** Available records follows **
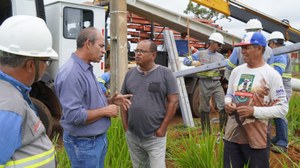 João Feitosa inspeciona implantação de rede e transformadores de energia elétrica no Setor da Chácaras Primavera   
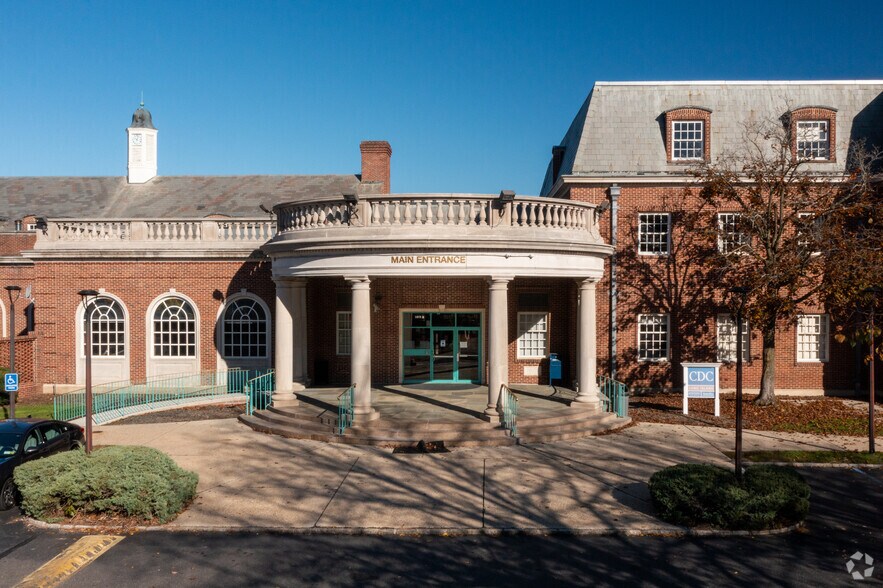 2100 Middle Country Rd, Centereach, NY for lease - Building Photo - Image 3 of 24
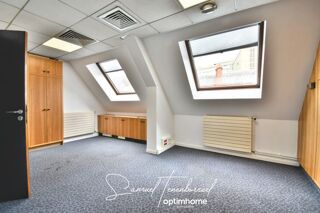  Immeuble à vendre 15 + pièces 517 m²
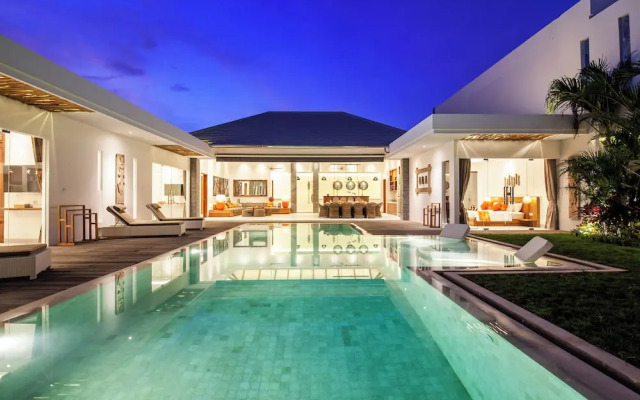 Modern 4 BR Villa 400m to the Beach in Canggu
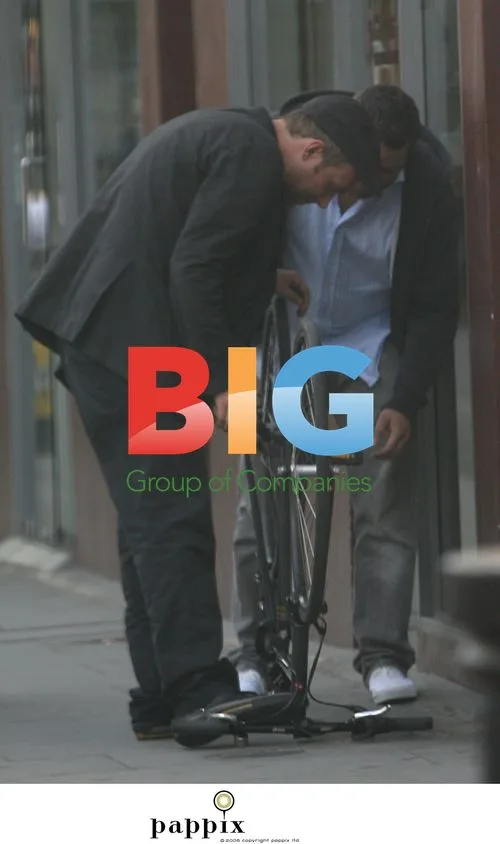 Damon Albarn has trouble with his bike in London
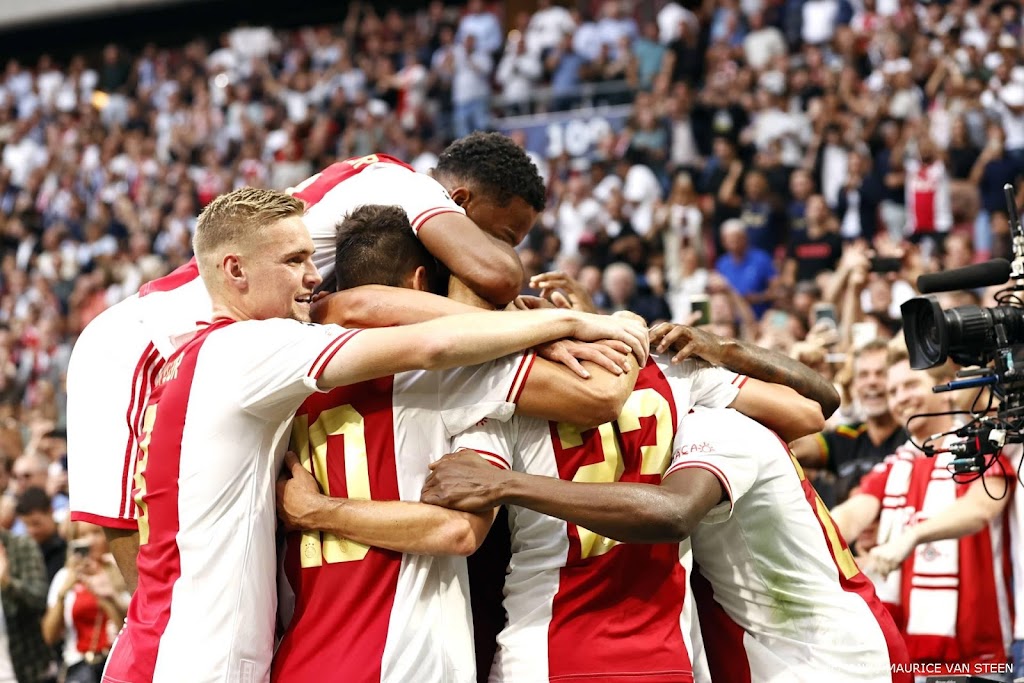 Ajax opent Europese seizoen met ruime zege op Rangers FC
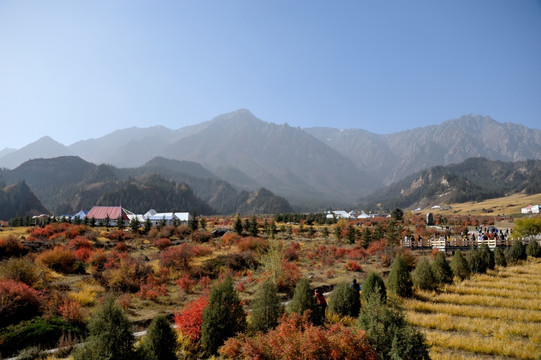 三十三洞天景区 马蹄寺景区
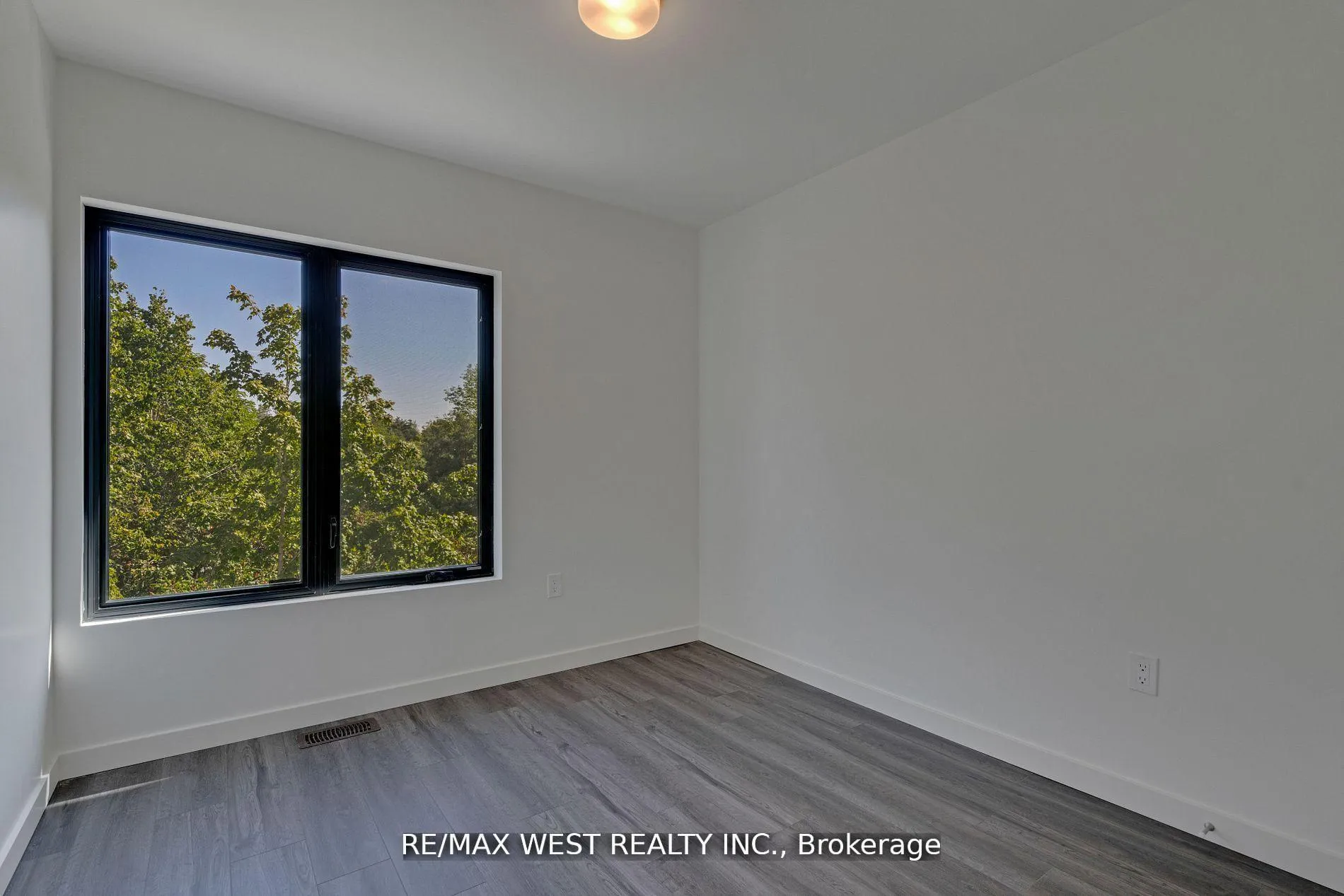 Photo 25 of 10 Rainwater Lane, Barrie, Holly — HOMEH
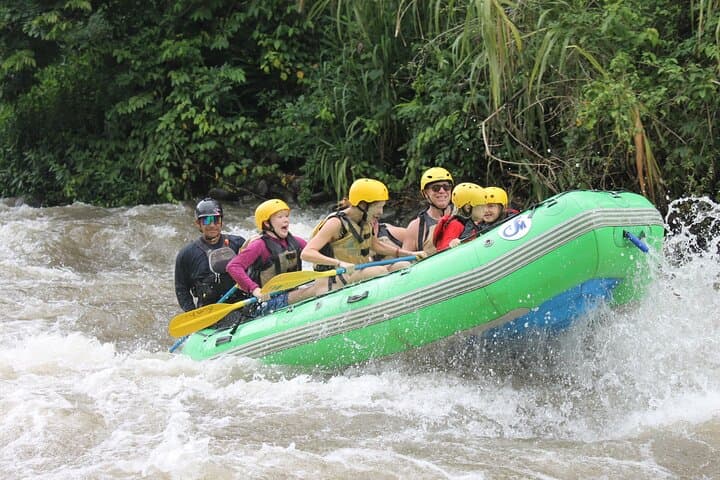 Balsa River White Water Rafting in La Fortuna & Costa Rican Lunch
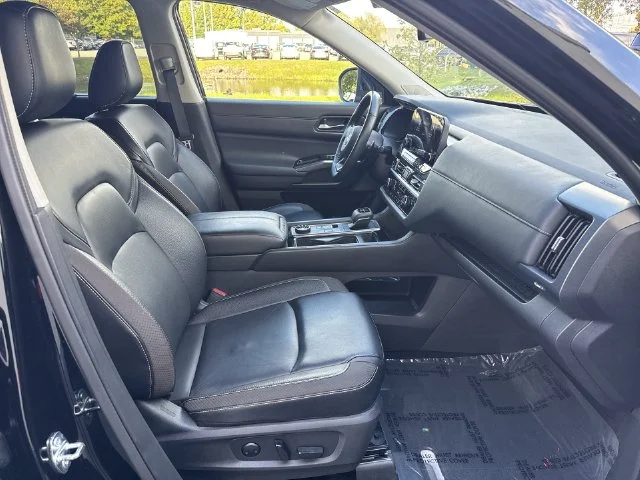 Used 2024 Black Nissan SL image 10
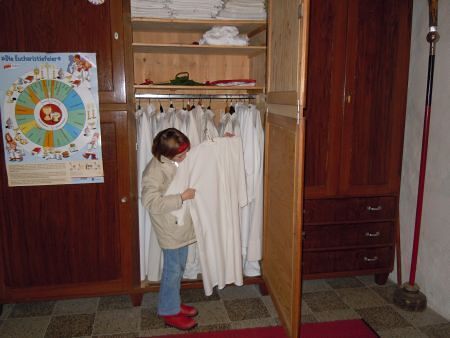 Jungmedizinerin als Ministrantin 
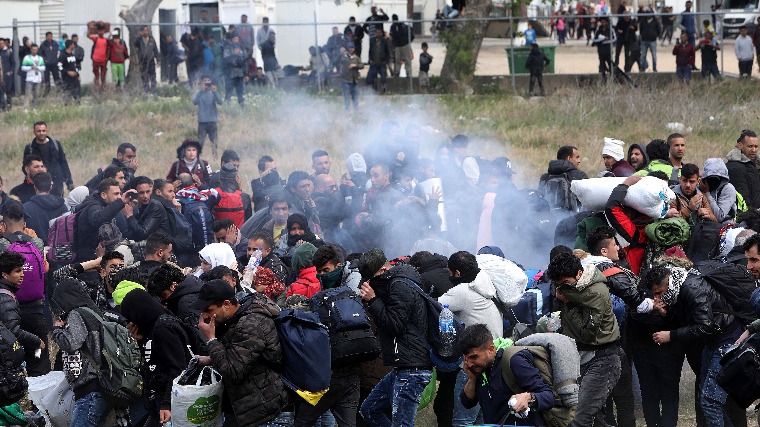 Összecsapások törtek ki egy görög menekülttáborban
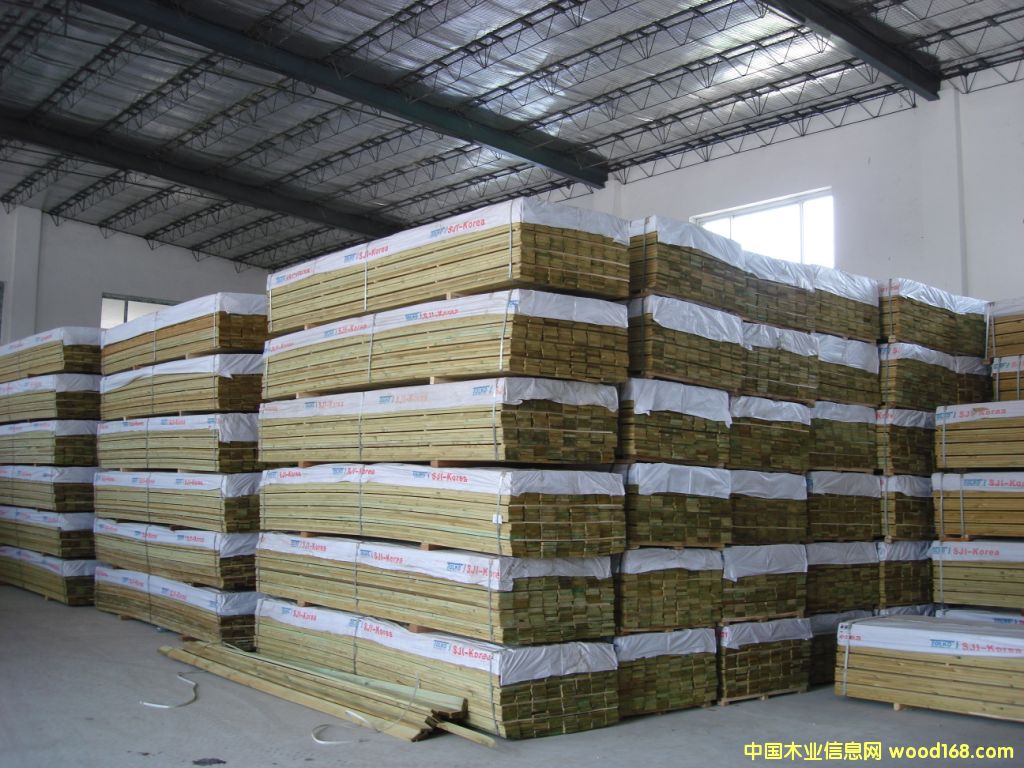 �c���鿴���_˹�����ɷŴ�DƬ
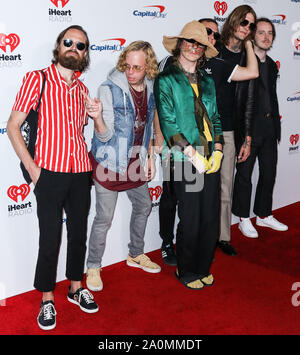 Las Vegas, États-Unis. Sep 20, 2019. LAS VEGAS, NEVADA, USA - 20 SEPTEMBRE : Jared Champion, Brad Shultz, Matt Shultz, Daniel Tichenor, Nick Bockrath et Matthan Minster de Cage the Elephant arriver au iHeartRadio Music Festival 2019 - Nuit 1 tenue à T-Mobile Arena le 20 septembre 2019 à Las Vegas, Nevada, United States. (Photo de David Acosta/Image Crédit : Agence de Presse) L'agence de presse Image/Alamy Live News Banque D'Images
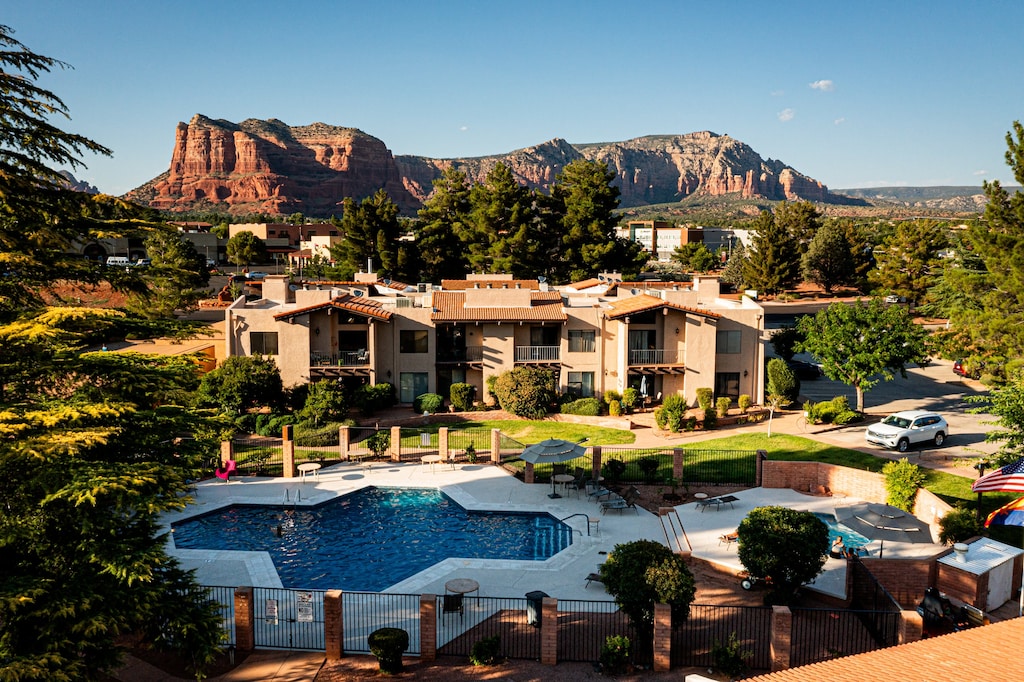 Sedona Oak Creek Estados Community Amenities Included Pool, Hot Tub and More!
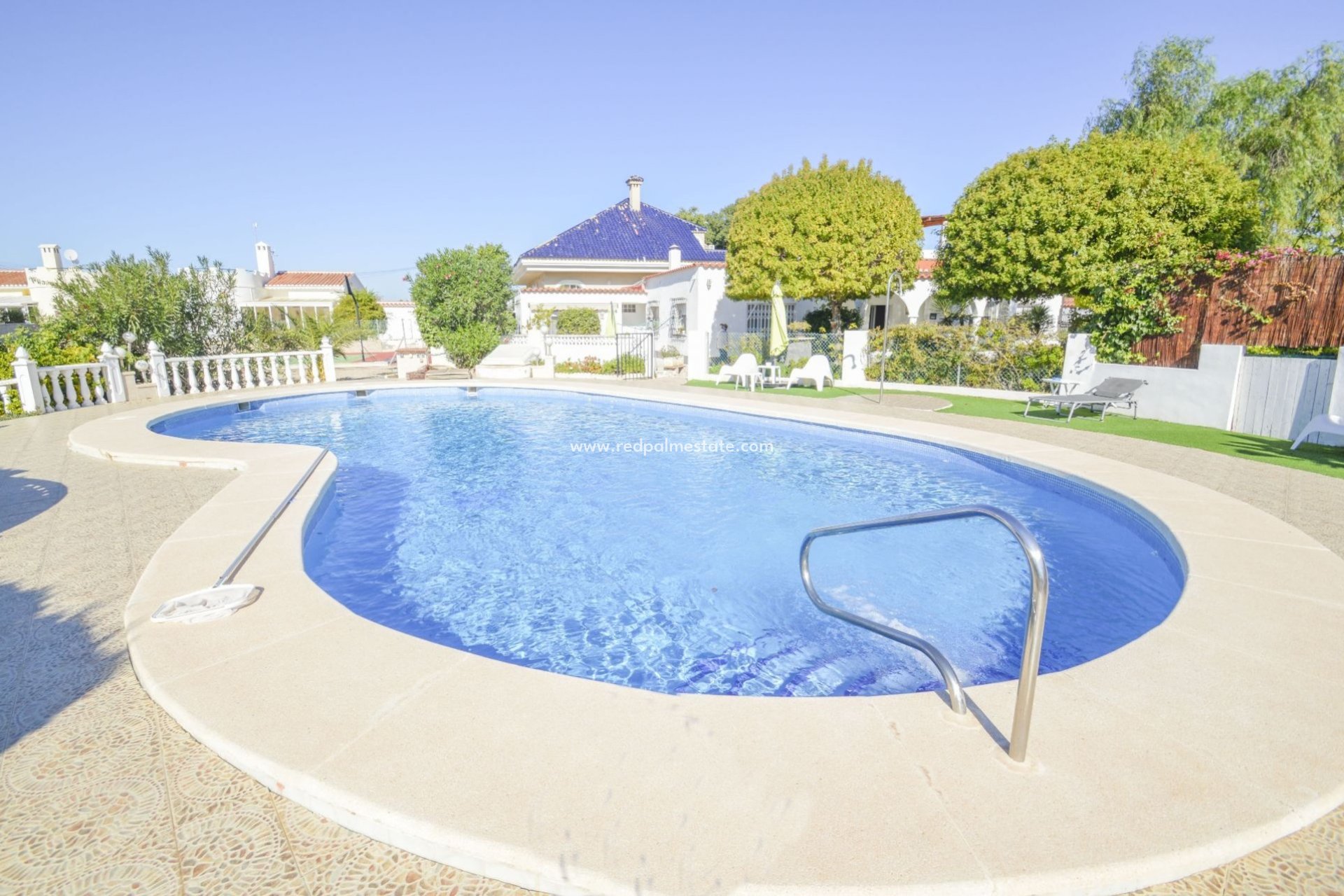 Resale - Detached Villa -
Torrevieja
** End of Available records **
Output only the lines from the one that contains "Modern 4 BR" to the end of the entries above, both end lines included, and drop the pictures.

 Modern 4 BR Villa 400m to the Beach in Canggu
 Damon Albarn has trouble with his bike in London
 Ajax opent Europese seizoen met ruime zege op Rangers FC
 三十三洞天景区 马蹄寺景区
 Photo 25 of 10 Rainwater Lane, Barrie, Holly — HOMEH
 Balsa River White Water Rafting in La Fortuna & Costa Rican Lunch
 Used 2024 Black Nissan SL image 10
 Jungmedizinerin als Ministrantin 
 Összecsapások törtek ki egy görög menekülttáborban
 �c���鿴���_˹�����ɷŴ�DƬ
 Las Vegas, États-Unis. Sep 20, 2019. LAS VEGAS, NEVADA, USA - 20 SEPTEMBRE : Jared Champion, Brad Shultz, Matt Shultz, Daniel Tichenor, Nick Bockrath et Matthan Minster de Cage the Elephant arriver au iHeartRadio Music Festival 2019 - Nuit 1 tenue à T-Mobile Arena le 20 septembre 2019 à Las Vegas, Nevada, United States. (Photo de David Acosta/Image Crédit : Agence de Presse) L'agence de presse Image/Alamy Live News Banque D'Images
 Sedona Oak Creek Estados Community Amenities Included Pool, Hot Tub and More!
 Resale - Detached Villa -
Torrevieja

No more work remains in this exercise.